Le Conseil de Paix a commencé à lancer des appels d’offres pour des travaux de sécurité et de reconstruction, mais aucun contrat n’a encore été attribué. L’absence d’opérations sur le terrain est principalement liée à la situation sécuritaire, notamment au fait que le Hamas n’a pas été désarmé, condition préalable selon le plan initial de Trump. Ce plan prévoyait la désarmement du Hamas, le retrait des forces israéliennes et la reconstruction de Gaza, mais aucun progrès concret n’a été enregistré. Un expert palestino-américain souligne que le manque de financement empêche toute action sur le terrain, et que les membres du comité savent qu’ils ne pourront répondre aux besoins de la population sans ressources.
Le Conseil reconnaît lui-même qu’il n’existe pas de système opérationnel pour gérer l’acheminement des services et des biens nécessaires à la mise en œuvre du plan. Il rejette l’idée d’une accumulation de fonds sans possibilité de les utiliser efficacement. Cette situation met en lumière les difficultés pratiques et politiques rencontrées dans la mise en œuvre d’un projet ambitieux mais encore largement théorique, dans un contexte marqué par l’instabilité et l’absence de coordination effective avec les acteurs locaux. Le futur du fonds et de la reconstruction de Gaza reste donc incertain, en attendant des avancées concrètes sur le terrain et une meilleure organisation financière et administrative.

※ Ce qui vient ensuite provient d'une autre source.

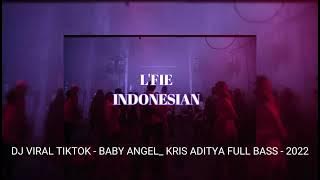 DJ VIRAL TIKTOK❗❗ BABY ANGEL - KRIS ADITYA FULL BASS 2022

Le fonds de reconstruction de Gaza lié au Conseil de Paix de Donald Trump peine à se concrétiser financièrement et opérationnellement. Malgré des promesses importantes, l’absence de versements via la Banque mondiale et le gel de certains financements illustrent les obstacles majeurs à la relance du territoire. La situation sécuritaire et politique, notamment la présence du Hamas armé, freine toute avancée, laissant planer un doute sur la capacité du Conseil à jouer un rôle effectif dans la reconstruction et la stabilisation de Gaza.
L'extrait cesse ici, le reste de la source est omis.